— Listed entries —
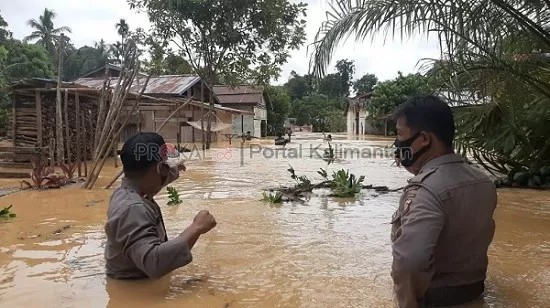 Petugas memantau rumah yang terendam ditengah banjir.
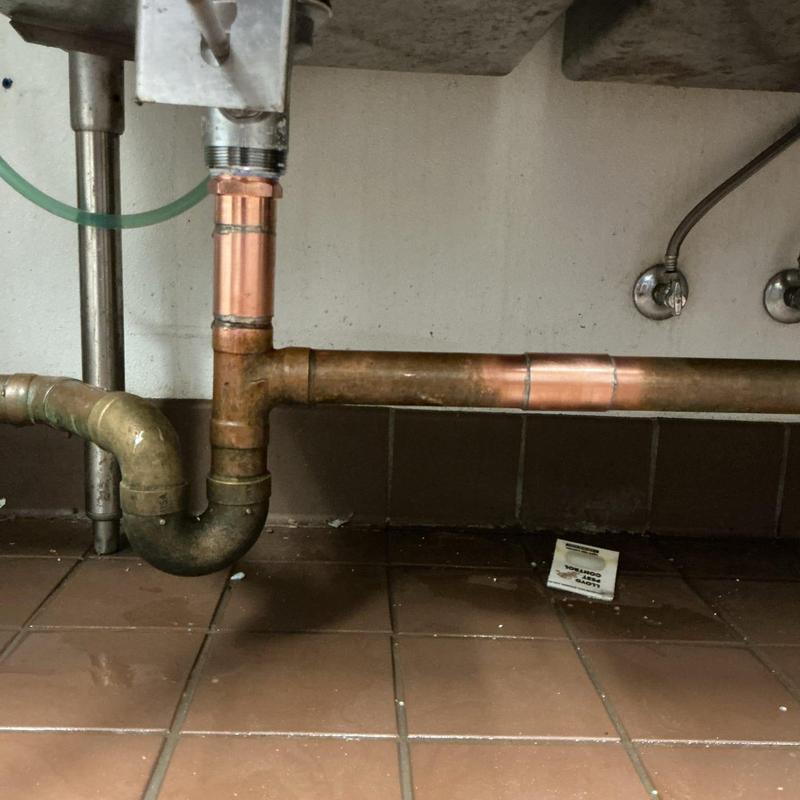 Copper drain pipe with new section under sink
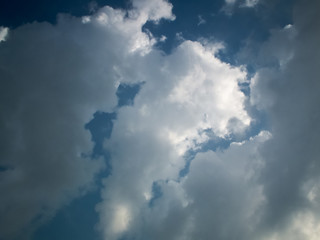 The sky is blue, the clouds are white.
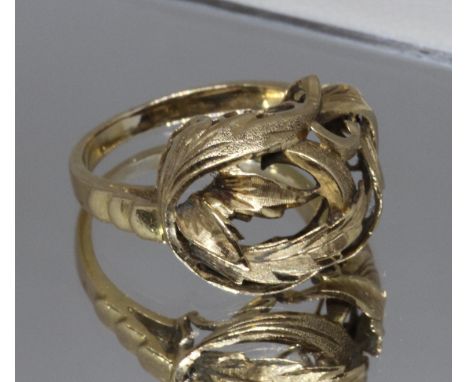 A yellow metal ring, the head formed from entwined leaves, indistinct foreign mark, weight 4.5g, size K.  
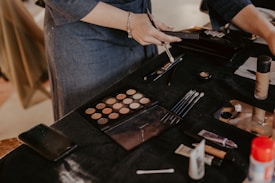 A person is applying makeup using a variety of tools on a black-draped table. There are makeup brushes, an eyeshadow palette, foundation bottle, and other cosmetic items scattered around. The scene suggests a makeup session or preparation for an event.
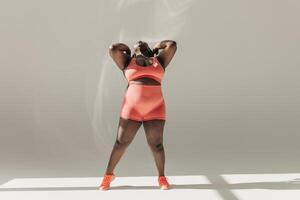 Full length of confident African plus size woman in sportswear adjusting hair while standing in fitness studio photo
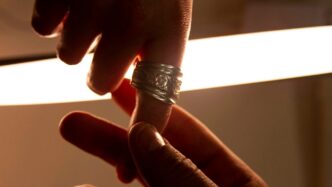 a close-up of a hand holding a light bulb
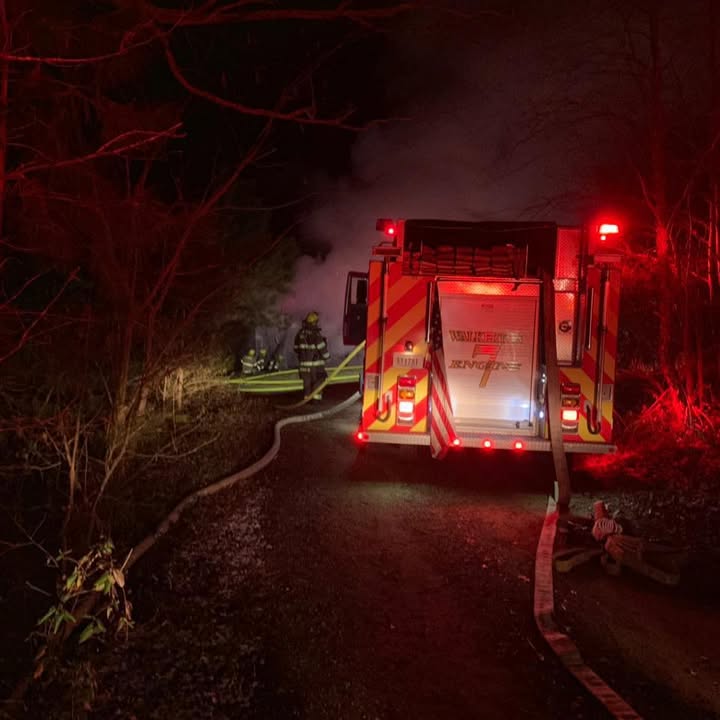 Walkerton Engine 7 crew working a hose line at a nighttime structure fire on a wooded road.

...

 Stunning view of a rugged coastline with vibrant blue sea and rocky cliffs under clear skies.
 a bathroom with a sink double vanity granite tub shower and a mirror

— Try it —
In the material above, locate the line containing "Stunning view of" and the line containing "a bathroom with". Transcribe exactly those two lines and every line between them, and nothing more.

— Written reply —
 Stunning view of a rugged coastline with vibrant blue sea and rocky cliffs under clear skies.
 a bathroom with a sink double vanity granite tub shower and a mirror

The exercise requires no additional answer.